W Podlaskiem do strajku może przystąpić ponad 70 procent szkół. 387 placówek w Podlaskiem ogłosiło gotowość podjęcia strajku.
Jednak dyrektorzy szkół przygotowują się że w poniedziałełek dojdzie do strajku. Wszyscy deklarują, że zapewnią opiekę dzieciom, które przyjdą w poniedziałek do szkoły.
Z danych Związku Nauczycielstwa Polskiego wynika, że w regionie do strajku może przystąpić 71 procent szkół, a w Białymstoku nawet 88 procent, czyli 111 placówek.
Zobacz:Strajk nauczycieli. Przygotowania w Białymstoku
,,Dobrze, żeby uczniowie na czas strajku pozostali w domach „– apeluje prezes podlaskiego okręgu ZNP Andrzej Gryguć.

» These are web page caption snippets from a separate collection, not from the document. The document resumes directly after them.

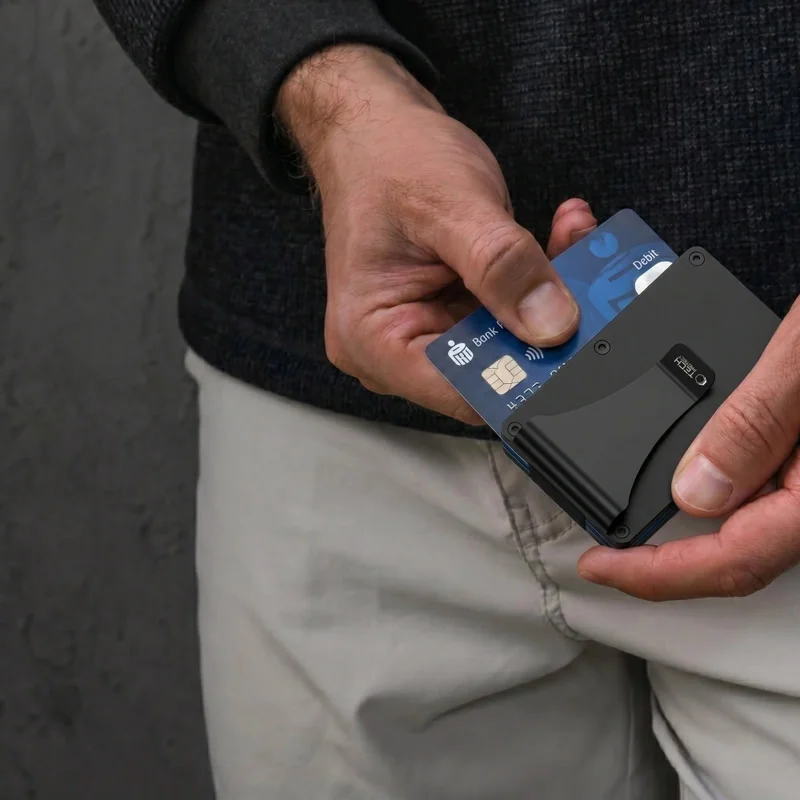 Tech-Protect Thord RFID obal na karty, čierny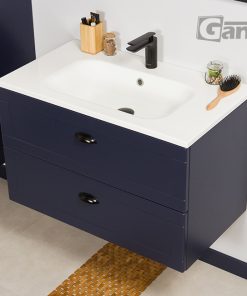 navy blue vanity unit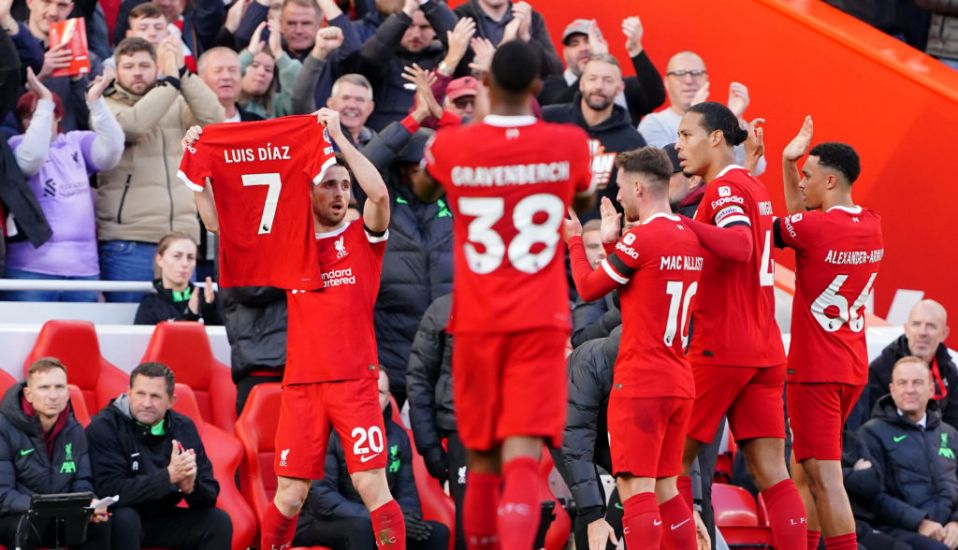 Liverpool Show Support For Luis Diaz In Victory Over Nottingham Forest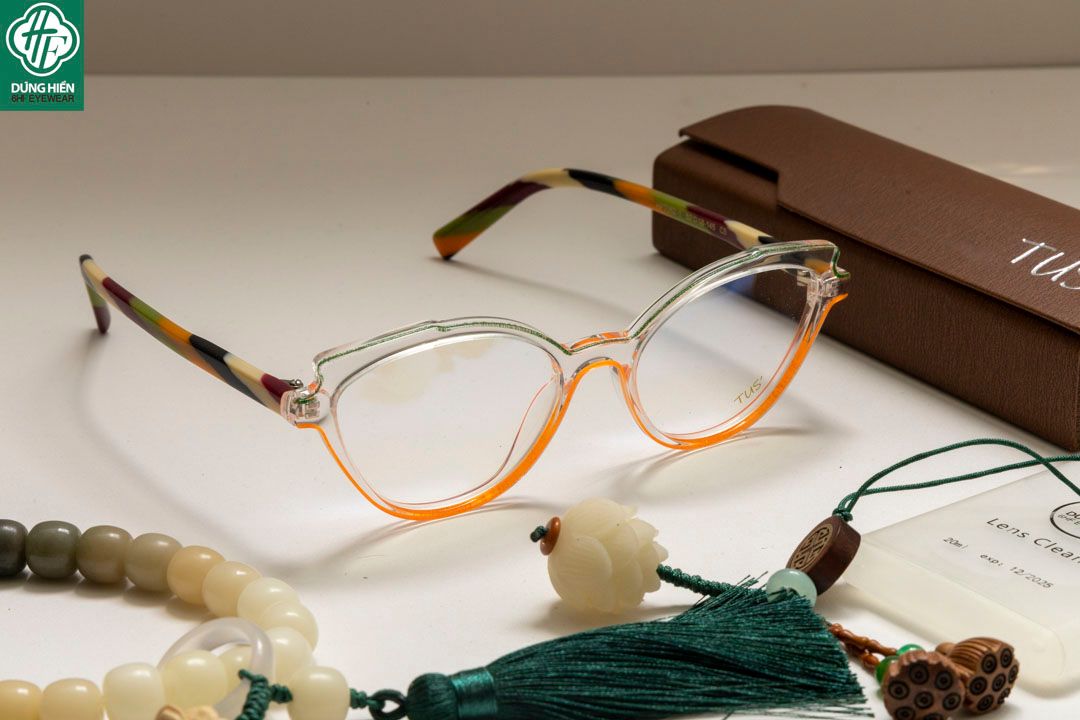  HPT 052 # TUS' :Gọng nhựa Acetate frames Độ Lạ - Unique Mini 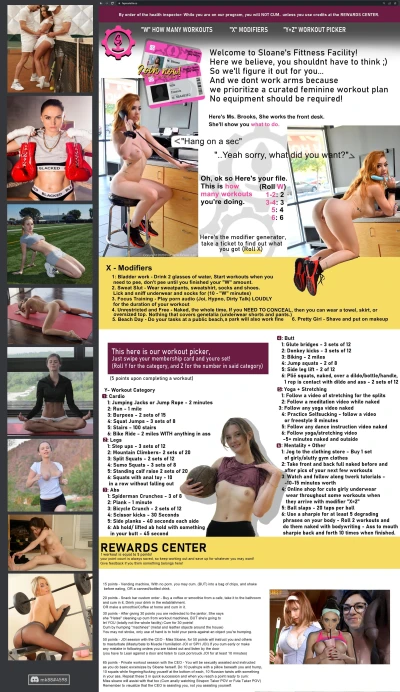 Sissy Workout Roulette SFSF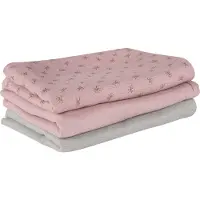 Roba Lot De 3 Couches Lavables En Coton Bio - - Lil Planet - Rose - Fille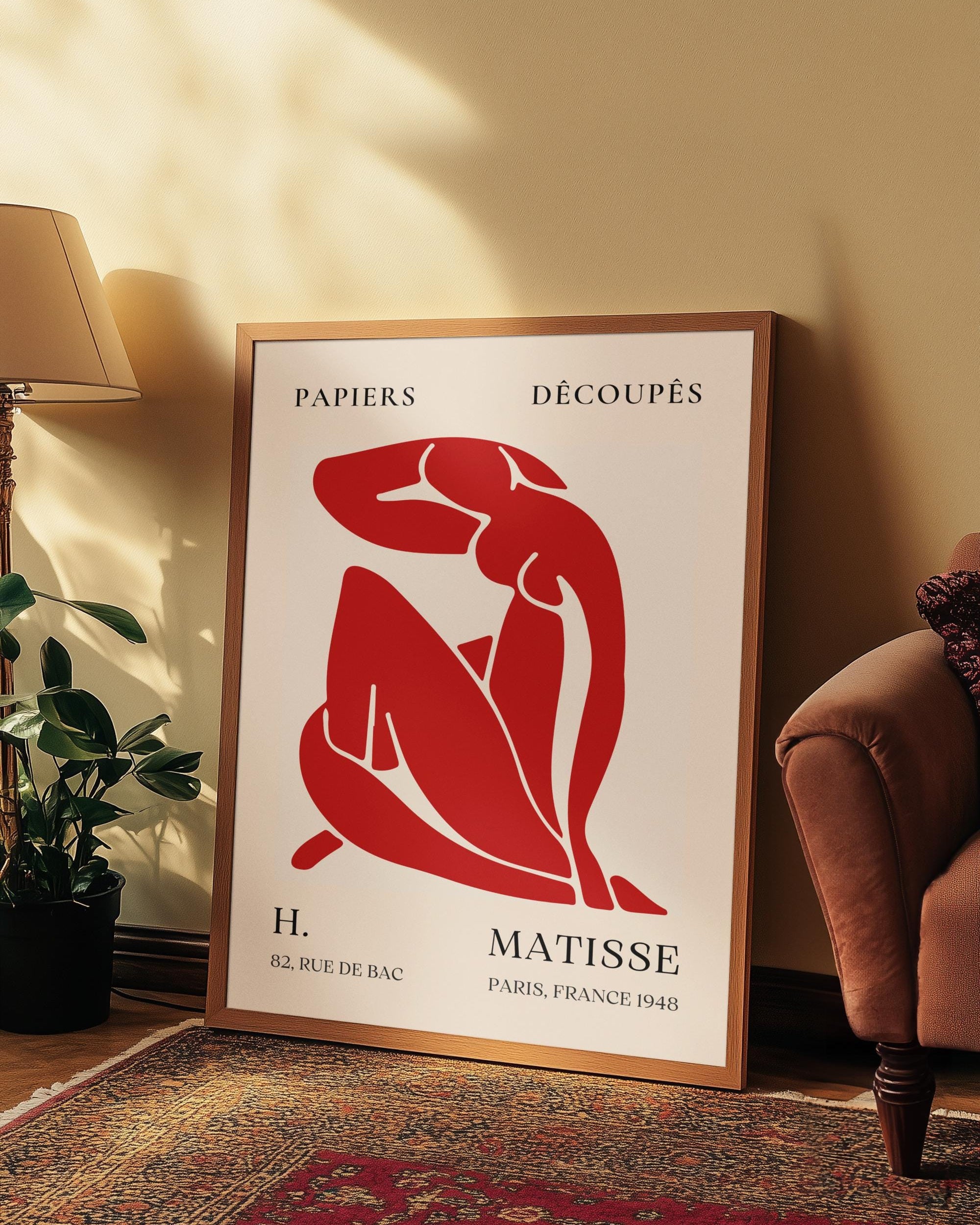Matisse Inspired Modern Wall Art (Digital Download)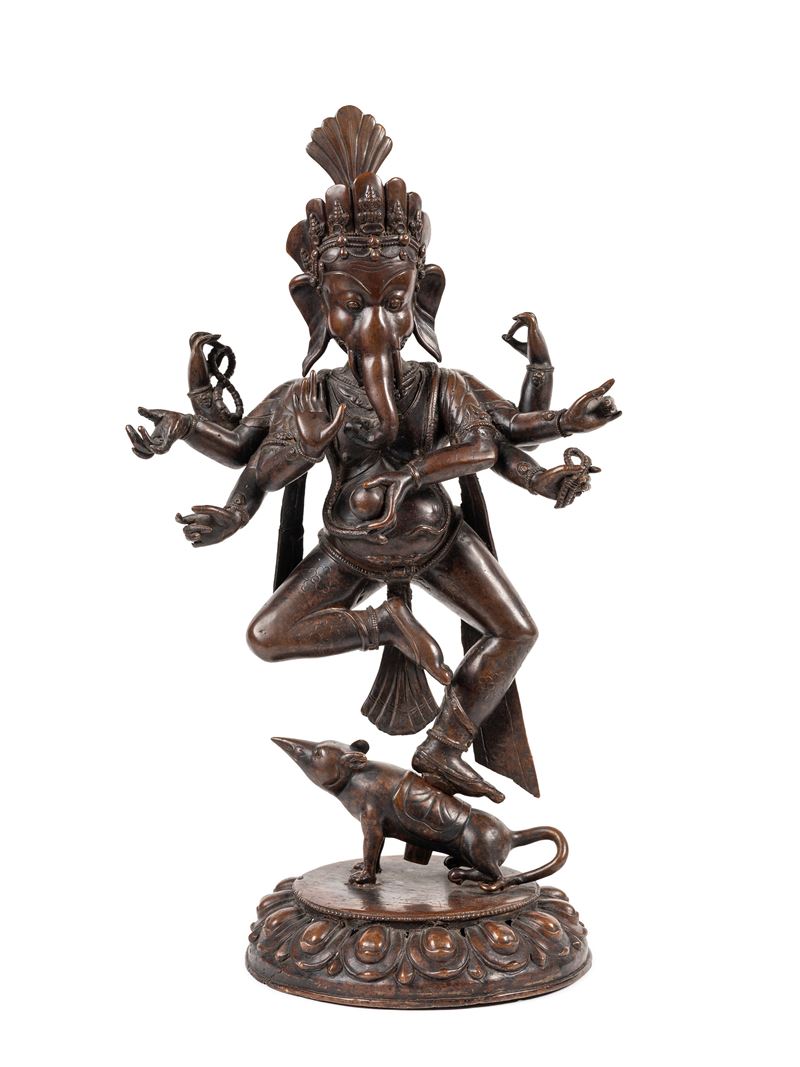 FIGURA IN BRONZO DORATO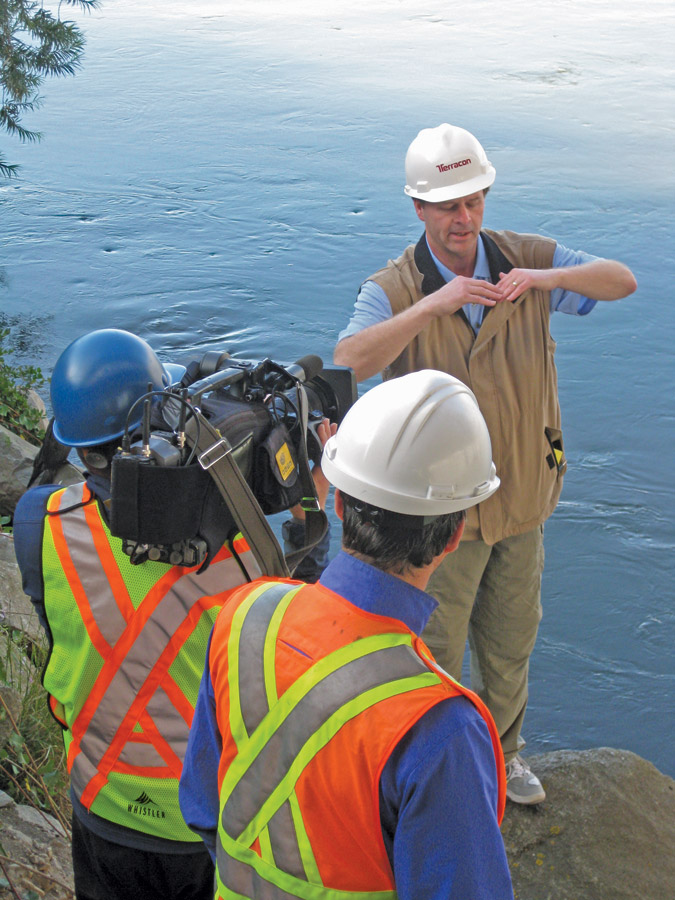 David Baska discusses soil conditions David Baska discusses soil conditions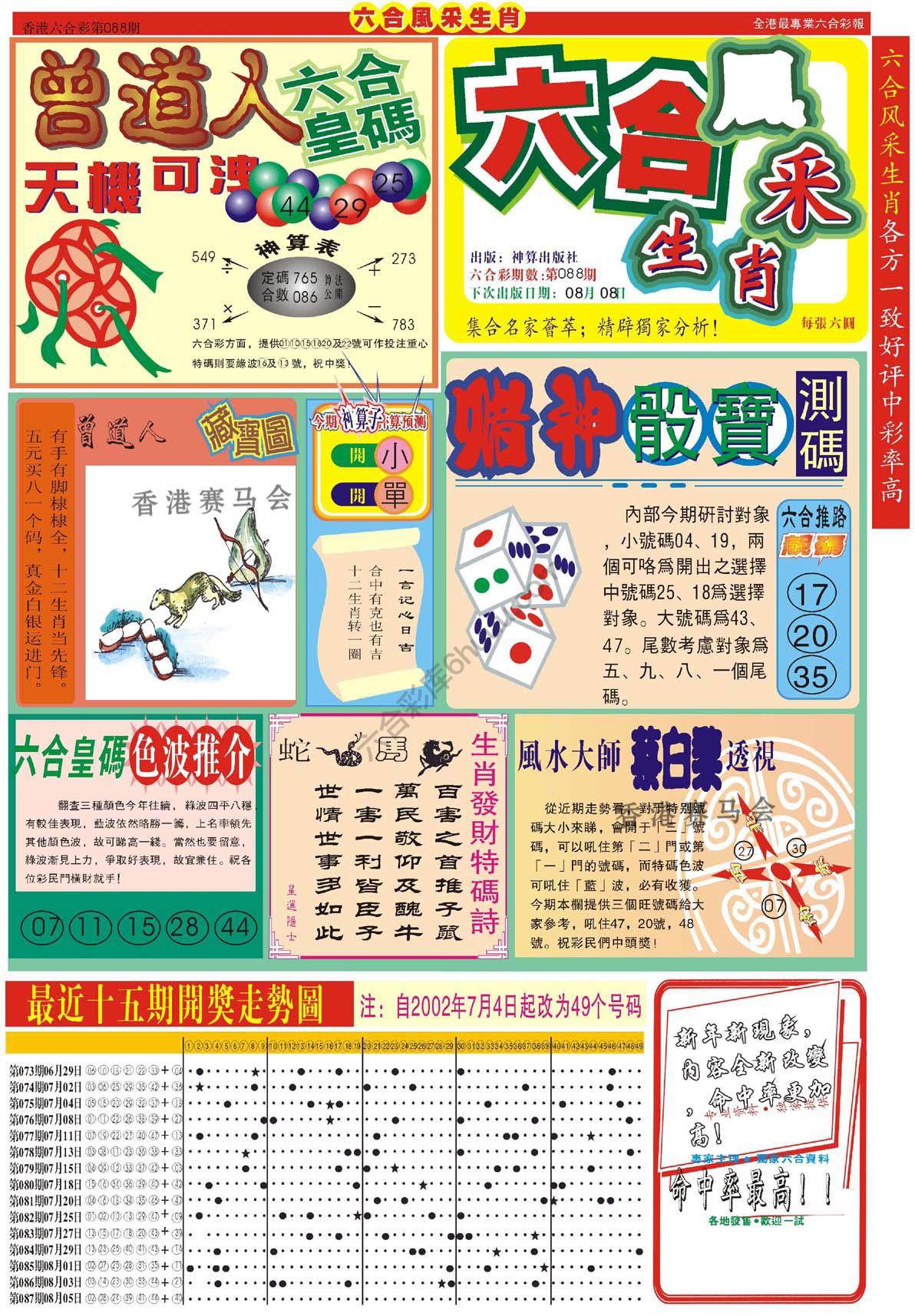 六合风采生肖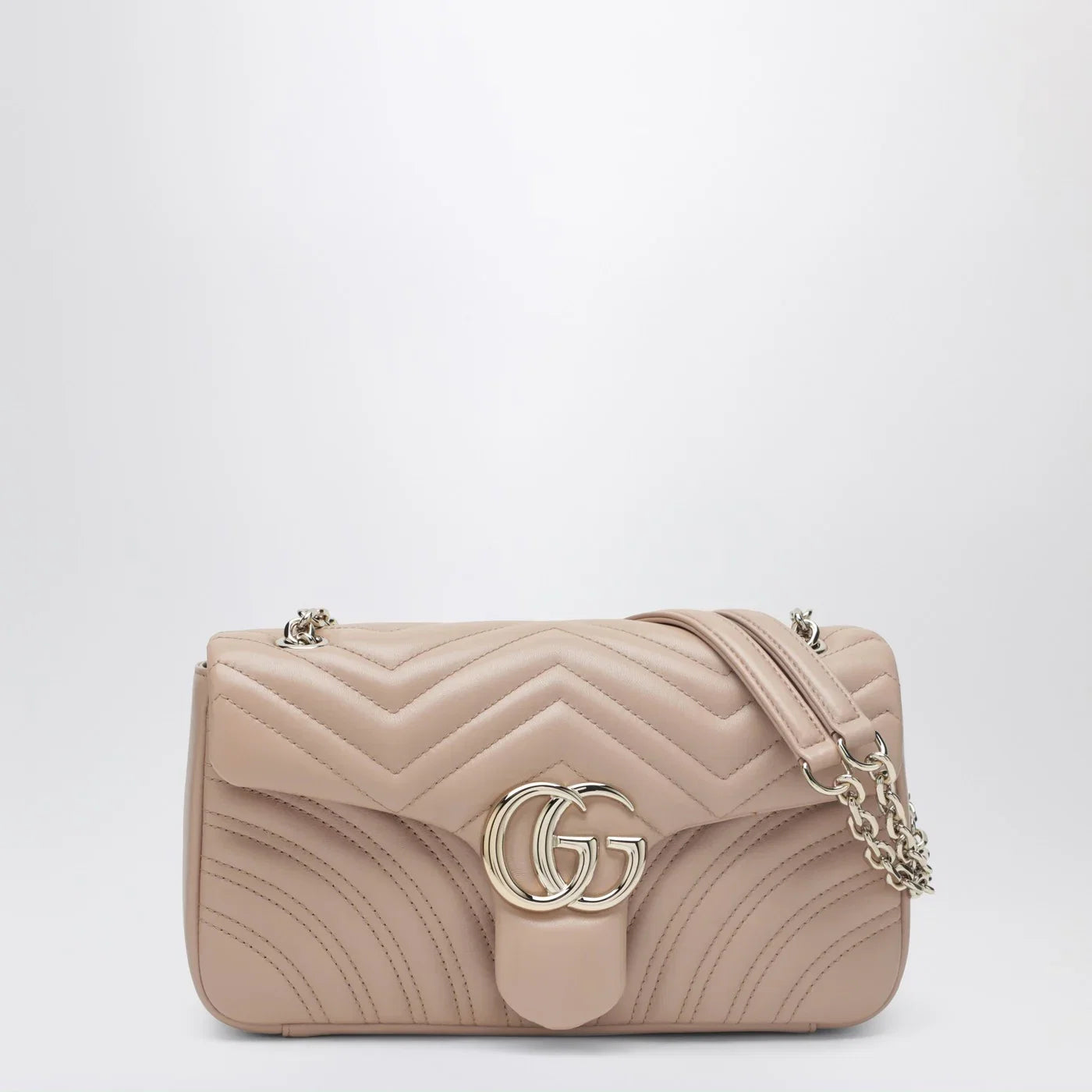 GUCCI Medium GG Marmont shoulder bag in light pink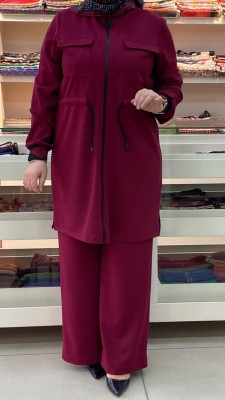 Armine Trend - Cep Detaylı Takım Bordo/6390001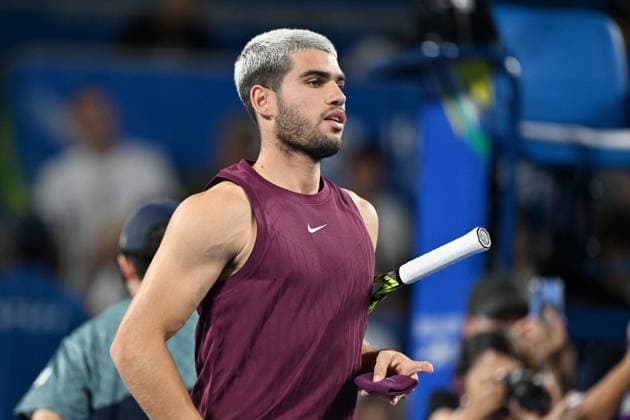 Carlos ALCARAZ (ESP), SEPTEMBER 29, 2025 - Tennis : Kinoshita Group Japan Open Tennis Championships 2025 Men s Singles Semi-final at Ariake Coliseum, Tokyo, Japan. Noxthirdxpartyxsales  aflo_305231913
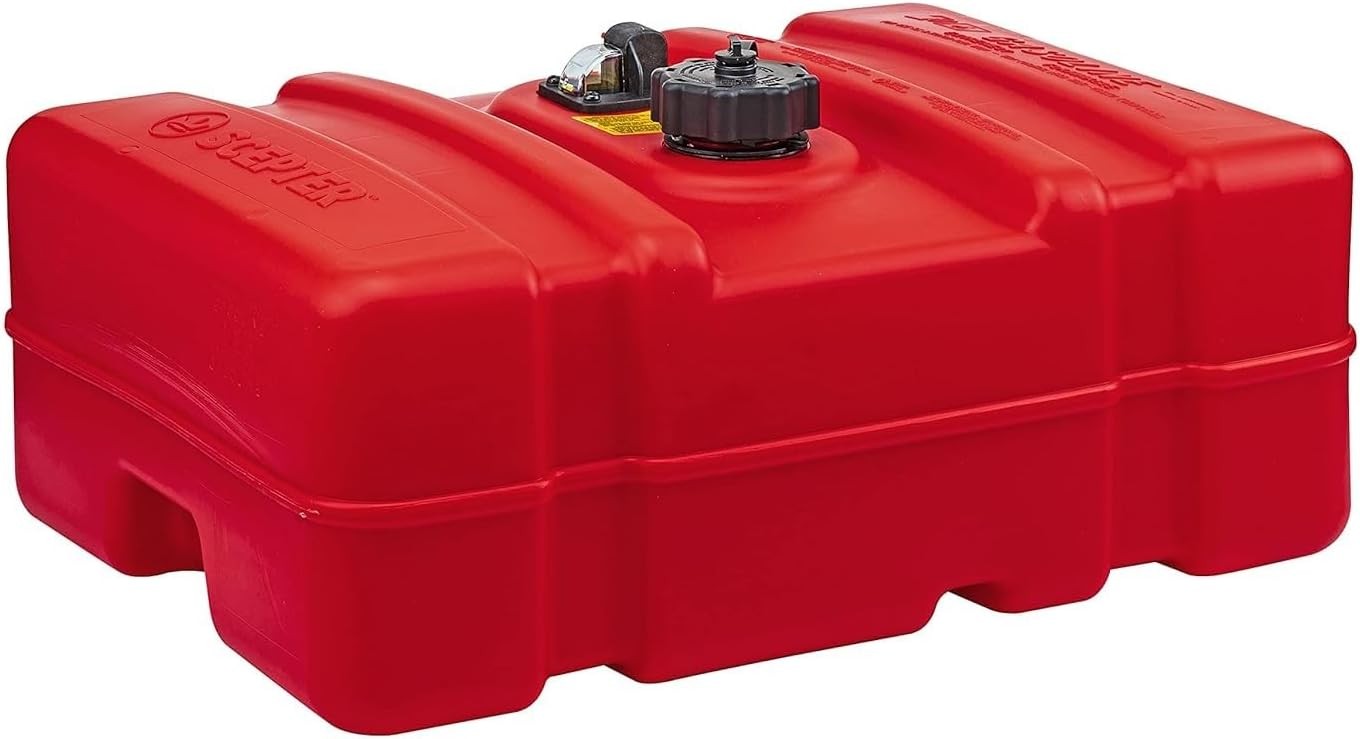Rectangular 12 Gal Marine Fuel Tank 08669 Low Profile Fits Outboard Engine Boats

,,Większość łomżyńskich szkół i przedszkoli będzie w stanie zapewnić właściwą opiekę uczniom, jeśli w poniedziałek (8.04) rozpocznie się strajk nauczycieli. Taką informację przekazali mi dyrektorzy” zapewnia wiceprezydent Łomży Andrzej Stypułkowski.
Negocjacje ostatniej szansy związkowców z rządem jeszcze w niedzielę wieczorem około 18.00
Dyrektorzy szkół z decyzjami czekają do ósmej rano w poniedziałek ósmego kwietnia.Związkowcy zapowiadają, że jeśli dojdzie do strajku, będzie bezterminowy.